I got up, went to my bookcase, and ran my hands over the backs of my medical texts. They were odd things to balance against a living, smiling young man and the possibility of home and children. I pulled out one of the volumes of Hippocrates and opened it at random. At first the lines of writing lay blurred before my eyes, but then they sharpened and became words, a case history. A man with a fever and abdominal pains; I read to the end of the account and saw that he had died. I put the book back and stood staring at it, resting my fingers on the yellow papyrus. The books did balance. I wanted the art of healing, wanted it more than anything else on earth. I would simply have to resign myself, and accept that I must remain a eunuch.
Winter came, my second winter in Alexandria. Theogenes continued to visit at least once a week and pay attention to Theophila, and Philon subtly encouraged him, but nothing was said about it. I tried hard to be pleased, and sometimes I succeeded. But I was not quite as happy as I had been.

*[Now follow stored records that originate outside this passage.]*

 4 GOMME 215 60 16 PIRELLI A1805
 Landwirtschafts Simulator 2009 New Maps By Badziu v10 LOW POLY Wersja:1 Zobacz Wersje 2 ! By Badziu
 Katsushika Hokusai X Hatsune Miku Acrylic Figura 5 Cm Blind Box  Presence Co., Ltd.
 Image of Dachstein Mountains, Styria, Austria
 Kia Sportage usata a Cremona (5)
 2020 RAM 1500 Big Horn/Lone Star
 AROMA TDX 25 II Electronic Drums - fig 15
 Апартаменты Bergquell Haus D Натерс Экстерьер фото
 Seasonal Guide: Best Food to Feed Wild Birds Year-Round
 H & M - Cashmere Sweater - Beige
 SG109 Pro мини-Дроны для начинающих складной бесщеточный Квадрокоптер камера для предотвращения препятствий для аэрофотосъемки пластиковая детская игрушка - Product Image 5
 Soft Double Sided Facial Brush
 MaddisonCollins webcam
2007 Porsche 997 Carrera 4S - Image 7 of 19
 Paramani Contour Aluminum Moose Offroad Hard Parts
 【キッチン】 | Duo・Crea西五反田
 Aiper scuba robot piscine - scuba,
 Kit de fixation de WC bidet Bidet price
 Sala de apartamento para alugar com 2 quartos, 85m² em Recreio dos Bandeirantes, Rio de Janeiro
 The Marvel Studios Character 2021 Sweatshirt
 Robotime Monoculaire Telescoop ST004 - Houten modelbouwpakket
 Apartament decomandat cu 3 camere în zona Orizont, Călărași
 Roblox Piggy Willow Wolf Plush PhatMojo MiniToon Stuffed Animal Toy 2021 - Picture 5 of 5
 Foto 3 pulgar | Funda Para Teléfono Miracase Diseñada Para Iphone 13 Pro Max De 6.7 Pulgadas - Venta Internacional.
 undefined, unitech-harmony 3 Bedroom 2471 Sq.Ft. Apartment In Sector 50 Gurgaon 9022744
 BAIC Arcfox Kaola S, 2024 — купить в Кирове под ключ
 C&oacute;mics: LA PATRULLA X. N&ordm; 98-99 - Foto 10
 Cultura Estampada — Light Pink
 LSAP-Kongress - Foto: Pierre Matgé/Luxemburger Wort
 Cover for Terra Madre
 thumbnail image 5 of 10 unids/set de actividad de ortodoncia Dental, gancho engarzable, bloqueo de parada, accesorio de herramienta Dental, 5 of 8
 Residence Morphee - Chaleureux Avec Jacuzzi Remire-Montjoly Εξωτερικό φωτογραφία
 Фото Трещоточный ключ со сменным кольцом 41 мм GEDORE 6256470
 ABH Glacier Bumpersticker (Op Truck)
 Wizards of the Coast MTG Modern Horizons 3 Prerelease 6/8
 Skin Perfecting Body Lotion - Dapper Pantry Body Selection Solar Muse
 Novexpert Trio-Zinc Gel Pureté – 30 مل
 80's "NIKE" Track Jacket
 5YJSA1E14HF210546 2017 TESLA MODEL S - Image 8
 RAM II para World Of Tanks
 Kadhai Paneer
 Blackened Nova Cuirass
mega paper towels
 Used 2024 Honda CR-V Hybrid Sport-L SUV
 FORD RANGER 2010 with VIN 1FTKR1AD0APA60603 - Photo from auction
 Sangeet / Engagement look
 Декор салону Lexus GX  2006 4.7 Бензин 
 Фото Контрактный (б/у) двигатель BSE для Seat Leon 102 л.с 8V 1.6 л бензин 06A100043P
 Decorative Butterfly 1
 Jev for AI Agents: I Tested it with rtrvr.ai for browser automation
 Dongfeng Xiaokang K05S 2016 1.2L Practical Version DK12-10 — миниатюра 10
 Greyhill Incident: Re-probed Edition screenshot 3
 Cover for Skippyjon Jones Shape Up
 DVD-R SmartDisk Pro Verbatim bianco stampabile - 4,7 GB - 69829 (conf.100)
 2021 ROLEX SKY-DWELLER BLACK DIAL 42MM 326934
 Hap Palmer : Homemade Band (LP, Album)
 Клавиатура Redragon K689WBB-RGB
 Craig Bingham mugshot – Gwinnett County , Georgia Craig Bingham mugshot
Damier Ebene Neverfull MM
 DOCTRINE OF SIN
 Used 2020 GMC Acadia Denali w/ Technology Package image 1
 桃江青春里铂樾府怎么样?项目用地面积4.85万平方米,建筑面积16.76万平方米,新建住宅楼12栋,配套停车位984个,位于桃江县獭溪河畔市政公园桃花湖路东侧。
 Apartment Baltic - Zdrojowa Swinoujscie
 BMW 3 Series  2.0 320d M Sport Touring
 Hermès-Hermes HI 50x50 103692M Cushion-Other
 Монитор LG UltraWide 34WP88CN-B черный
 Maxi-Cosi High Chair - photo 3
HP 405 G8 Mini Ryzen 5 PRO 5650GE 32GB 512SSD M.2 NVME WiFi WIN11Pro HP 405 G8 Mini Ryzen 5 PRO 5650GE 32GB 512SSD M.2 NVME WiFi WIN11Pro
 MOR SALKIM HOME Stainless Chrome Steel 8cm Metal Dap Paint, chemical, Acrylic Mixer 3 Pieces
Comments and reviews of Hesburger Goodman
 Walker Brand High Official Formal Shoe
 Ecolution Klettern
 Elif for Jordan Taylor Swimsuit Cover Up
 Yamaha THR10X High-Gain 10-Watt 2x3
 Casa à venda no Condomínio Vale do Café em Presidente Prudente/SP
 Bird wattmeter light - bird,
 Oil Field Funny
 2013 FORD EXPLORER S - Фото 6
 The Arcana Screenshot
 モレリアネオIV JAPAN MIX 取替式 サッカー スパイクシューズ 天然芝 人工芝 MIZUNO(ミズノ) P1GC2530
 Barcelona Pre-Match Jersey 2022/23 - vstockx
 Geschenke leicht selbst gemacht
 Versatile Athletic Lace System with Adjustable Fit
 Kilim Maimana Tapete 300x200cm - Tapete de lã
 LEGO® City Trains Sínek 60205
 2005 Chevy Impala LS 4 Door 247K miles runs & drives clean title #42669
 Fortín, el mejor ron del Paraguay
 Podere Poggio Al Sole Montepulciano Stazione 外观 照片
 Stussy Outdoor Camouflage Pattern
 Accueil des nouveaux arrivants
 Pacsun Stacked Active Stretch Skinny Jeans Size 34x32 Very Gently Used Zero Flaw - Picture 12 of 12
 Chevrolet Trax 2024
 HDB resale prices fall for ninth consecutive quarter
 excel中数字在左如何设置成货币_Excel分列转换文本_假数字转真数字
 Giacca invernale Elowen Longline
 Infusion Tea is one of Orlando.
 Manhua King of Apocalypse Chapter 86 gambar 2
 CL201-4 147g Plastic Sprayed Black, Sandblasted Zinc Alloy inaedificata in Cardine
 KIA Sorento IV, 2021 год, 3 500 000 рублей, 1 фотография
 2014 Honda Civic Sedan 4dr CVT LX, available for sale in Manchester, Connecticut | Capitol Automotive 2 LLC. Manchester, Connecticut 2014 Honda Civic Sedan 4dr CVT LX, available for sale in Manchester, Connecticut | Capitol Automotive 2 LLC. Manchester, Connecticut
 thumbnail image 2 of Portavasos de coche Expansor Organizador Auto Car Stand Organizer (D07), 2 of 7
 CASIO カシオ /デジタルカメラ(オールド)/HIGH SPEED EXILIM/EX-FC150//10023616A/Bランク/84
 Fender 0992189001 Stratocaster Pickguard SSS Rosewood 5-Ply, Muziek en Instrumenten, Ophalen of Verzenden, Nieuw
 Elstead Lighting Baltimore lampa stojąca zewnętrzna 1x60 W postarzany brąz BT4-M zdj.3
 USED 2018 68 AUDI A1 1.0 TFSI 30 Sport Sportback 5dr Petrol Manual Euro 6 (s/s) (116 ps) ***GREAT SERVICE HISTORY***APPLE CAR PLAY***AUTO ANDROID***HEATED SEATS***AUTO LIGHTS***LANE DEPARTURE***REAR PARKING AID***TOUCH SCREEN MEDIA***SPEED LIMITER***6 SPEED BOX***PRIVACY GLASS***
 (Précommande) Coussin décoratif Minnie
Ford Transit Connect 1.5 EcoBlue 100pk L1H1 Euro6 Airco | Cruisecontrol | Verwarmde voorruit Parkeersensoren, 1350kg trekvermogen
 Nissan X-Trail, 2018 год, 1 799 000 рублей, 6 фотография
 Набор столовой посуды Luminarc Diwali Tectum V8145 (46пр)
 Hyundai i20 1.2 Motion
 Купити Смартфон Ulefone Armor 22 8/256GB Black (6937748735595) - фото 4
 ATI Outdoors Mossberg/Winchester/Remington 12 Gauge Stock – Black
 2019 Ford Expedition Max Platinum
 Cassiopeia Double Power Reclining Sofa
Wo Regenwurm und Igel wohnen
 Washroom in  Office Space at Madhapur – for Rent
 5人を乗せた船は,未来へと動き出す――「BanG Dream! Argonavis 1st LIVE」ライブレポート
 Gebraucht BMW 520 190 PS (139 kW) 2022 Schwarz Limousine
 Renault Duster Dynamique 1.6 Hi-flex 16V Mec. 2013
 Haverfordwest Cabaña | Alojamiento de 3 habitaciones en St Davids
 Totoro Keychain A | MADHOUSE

That spring I had my nineteenth birthday. I spent the day attending a patient sick with typhoid. He was a wheelwright, married, with three young children; his wife went into a panic when she saw his fever rising that morning, and begged me to stay the day. I stayed, brought the fever down by means of sponge baths with vinegar, got the patient to rest with cinquefoil and opium, and saw that he managed to drink some broth and keep it down. When I left he was resting more peacefully than he had for some time, the fever seemed lower, and the pulse was certainly stronger and steadier than it had been for days. His wife caught my hand as I was leaving and clutched it tightly, tears in her eyes. “He will recover?” she asked me.